I believe your problem is related to this ticket: SERVER-12876
We have a proposed code fix for the problem and it should be committed within a day or two. Thanks for reporting this!

Comment by Mark Callaghan [ 26/Feb/14 ]

I just got this crash from 2.5.5 while running compact on a collection that uses ~2G of space. Do you want a new report or details posted here?

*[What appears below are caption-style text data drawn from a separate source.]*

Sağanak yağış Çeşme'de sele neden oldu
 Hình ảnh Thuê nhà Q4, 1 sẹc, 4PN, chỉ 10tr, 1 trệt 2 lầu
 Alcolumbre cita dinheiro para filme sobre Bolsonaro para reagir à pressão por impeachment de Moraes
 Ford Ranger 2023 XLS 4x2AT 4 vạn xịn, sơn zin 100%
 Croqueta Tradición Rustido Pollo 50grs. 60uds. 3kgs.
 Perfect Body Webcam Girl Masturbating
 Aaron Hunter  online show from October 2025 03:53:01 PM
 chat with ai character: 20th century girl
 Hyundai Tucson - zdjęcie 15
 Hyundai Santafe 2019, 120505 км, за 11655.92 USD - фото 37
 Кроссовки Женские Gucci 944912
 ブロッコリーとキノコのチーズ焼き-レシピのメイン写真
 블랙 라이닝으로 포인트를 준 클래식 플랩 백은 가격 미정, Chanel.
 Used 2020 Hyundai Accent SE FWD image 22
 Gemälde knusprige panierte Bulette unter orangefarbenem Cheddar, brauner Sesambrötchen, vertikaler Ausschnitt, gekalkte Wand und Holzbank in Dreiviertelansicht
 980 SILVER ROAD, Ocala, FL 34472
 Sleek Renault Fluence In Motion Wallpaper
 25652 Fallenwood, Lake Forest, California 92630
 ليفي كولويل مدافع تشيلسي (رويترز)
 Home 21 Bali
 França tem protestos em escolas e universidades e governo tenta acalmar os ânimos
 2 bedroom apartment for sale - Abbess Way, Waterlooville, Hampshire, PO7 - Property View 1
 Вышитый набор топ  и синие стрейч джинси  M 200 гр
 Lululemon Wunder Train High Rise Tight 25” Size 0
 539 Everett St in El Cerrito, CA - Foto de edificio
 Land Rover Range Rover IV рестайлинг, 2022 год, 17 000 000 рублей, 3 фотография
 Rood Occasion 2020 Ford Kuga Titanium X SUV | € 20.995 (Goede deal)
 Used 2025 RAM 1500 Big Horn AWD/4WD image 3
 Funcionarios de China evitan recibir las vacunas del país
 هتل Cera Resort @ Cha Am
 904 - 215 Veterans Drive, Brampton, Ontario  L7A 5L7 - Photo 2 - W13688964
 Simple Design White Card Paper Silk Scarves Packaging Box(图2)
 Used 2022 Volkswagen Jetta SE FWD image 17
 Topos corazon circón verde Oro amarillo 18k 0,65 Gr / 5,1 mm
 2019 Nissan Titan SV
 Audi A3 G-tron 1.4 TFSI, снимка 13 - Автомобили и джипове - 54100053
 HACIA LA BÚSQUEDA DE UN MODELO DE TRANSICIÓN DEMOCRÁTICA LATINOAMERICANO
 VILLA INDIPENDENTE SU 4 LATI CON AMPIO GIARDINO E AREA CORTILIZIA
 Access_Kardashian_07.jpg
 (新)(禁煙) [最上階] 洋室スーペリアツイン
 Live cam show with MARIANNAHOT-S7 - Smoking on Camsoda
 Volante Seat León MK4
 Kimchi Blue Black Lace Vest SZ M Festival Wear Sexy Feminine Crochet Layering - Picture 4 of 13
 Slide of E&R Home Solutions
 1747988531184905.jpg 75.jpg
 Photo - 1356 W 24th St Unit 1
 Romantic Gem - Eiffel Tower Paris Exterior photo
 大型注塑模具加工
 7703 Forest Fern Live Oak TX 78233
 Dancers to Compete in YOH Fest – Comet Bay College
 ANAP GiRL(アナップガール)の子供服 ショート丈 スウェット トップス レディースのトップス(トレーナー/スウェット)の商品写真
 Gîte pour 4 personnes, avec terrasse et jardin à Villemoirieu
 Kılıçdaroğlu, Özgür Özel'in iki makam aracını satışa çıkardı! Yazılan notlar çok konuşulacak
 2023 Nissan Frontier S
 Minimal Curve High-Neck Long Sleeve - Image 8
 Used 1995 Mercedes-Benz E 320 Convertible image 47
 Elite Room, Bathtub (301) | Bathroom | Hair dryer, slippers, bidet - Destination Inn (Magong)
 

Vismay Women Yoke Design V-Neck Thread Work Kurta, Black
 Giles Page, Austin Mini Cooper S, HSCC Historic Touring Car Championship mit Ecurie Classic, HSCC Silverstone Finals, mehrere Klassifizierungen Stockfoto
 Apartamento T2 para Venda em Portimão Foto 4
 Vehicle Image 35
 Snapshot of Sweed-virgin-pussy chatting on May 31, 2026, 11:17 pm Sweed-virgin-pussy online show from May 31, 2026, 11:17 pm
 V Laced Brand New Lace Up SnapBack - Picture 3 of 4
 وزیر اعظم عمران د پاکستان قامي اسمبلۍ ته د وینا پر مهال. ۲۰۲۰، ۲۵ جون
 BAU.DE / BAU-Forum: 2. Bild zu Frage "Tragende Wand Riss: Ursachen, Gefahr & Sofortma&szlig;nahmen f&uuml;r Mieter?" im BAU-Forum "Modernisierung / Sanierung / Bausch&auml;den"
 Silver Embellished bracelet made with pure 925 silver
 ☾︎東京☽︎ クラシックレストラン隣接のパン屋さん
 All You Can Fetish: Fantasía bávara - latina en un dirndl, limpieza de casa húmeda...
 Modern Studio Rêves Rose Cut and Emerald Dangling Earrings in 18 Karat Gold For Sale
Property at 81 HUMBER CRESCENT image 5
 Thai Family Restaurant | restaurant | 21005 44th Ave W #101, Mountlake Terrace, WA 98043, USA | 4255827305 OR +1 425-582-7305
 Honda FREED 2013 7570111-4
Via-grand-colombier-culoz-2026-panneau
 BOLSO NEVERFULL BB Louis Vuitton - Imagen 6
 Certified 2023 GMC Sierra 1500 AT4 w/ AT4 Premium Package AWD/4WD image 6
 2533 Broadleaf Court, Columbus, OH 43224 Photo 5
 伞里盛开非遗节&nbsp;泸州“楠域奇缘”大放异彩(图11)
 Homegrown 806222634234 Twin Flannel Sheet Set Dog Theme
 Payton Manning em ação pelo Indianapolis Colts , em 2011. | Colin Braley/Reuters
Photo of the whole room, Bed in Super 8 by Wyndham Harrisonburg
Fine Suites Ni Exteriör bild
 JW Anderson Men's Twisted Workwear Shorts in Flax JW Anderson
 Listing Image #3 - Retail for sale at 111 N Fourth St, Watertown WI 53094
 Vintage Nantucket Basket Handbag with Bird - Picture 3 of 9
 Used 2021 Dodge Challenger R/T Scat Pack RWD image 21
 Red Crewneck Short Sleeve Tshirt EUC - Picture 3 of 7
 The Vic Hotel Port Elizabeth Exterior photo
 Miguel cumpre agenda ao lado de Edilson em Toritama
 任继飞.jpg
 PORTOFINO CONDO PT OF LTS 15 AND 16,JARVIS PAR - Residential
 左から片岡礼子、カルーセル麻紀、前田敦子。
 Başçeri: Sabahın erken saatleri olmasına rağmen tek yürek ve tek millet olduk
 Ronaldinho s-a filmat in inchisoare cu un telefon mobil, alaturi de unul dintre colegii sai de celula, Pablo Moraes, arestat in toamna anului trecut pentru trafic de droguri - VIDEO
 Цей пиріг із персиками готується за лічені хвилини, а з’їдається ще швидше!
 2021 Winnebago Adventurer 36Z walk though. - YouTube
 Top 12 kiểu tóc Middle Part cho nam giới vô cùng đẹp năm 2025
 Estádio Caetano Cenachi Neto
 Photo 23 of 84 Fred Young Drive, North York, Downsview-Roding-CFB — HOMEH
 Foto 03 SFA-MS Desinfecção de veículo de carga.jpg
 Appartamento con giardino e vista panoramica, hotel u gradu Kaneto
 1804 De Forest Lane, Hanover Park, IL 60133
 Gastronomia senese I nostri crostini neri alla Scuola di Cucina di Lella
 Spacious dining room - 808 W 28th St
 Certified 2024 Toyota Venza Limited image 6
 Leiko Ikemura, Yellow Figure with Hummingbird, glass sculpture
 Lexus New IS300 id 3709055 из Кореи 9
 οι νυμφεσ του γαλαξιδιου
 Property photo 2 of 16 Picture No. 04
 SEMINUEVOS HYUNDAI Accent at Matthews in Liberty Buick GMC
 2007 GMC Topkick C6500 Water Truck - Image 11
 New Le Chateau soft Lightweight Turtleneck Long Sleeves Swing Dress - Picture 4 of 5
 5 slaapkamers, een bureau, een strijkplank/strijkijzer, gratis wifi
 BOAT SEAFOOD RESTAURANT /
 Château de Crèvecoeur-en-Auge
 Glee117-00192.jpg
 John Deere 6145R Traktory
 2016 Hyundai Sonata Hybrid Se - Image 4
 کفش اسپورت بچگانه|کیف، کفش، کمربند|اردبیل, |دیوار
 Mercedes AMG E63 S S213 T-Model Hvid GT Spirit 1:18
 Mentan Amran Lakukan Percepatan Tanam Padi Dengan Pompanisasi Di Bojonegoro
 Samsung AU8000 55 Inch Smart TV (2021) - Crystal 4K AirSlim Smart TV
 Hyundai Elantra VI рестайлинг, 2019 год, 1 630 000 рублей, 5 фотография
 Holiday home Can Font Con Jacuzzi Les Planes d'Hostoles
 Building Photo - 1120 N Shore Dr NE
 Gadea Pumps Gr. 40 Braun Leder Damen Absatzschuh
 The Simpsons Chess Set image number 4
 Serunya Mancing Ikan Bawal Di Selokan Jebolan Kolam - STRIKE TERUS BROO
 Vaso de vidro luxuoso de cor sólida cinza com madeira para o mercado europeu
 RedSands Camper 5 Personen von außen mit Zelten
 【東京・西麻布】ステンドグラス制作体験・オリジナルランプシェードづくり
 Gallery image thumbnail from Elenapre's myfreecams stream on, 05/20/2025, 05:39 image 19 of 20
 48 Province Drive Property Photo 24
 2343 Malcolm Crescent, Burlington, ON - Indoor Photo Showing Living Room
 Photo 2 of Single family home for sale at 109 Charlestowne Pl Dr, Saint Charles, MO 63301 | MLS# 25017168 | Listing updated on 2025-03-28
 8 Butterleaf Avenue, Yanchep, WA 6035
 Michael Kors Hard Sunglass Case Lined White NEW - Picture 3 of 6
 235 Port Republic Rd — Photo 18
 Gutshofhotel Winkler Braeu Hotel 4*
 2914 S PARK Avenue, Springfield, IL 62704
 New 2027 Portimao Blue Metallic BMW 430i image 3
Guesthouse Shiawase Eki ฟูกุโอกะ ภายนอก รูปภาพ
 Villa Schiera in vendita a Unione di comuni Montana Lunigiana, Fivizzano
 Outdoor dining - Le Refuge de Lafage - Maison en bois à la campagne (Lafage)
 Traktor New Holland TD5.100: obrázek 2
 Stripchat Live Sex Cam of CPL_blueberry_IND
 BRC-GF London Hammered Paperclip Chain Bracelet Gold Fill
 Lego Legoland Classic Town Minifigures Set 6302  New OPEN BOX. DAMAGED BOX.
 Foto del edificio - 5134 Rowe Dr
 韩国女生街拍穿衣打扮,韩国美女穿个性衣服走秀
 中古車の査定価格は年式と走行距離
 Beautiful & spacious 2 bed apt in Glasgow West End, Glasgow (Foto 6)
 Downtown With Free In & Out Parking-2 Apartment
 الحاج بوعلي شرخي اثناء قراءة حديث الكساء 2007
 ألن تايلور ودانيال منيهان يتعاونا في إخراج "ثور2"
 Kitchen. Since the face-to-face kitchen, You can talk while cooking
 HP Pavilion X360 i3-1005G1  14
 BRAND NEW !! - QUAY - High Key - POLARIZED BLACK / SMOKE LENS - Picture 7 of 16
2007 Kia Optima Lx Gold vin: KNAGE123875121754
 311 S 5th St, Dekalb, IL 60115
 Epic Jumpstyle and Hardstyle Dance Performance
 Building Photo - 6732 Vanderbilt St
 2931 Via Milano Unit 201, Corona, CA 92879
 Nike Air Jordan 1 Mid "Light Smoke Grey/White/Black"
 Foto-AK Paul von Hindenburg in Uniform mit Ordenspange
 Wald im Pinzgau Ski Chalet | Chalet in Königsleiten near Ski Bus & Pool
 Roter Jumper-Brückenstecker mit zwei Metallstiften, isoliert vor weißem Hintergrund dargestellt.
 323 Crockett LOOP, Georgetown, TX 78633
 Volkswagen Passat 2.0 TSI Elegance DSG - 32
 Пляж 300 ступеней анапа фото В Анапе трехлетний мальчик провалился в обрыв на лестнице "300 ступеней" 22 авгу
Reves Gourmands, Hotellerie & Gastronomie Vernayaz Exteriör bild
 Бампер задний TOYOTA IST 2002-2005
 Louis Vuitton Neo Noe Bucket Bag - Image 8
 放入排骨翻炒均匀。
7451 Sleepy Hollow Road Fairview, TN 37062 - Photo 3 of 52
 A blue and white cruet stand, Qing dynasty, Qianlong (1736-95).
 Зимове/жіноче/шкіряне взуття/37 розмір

Comment by Eric Milkie [ 21/Aug/12 ]

With the new multithreaded batch replication oplog application code, it's now possible to queue up a lot of work for the journaling subsystem. While this would be a bad thing on a primary node, it's less important on a secondary where nothing can be committed to the journal until an entire batch of operations is complete. You can safely ignore these messages and they should be suppressed in a future release.

Generated at Thu Feb 08 03:12:45 UTC 2024 using Jira 9.7.1#970001-sha1:2222b88b221c4928ef0de3161136cc90c8356a66.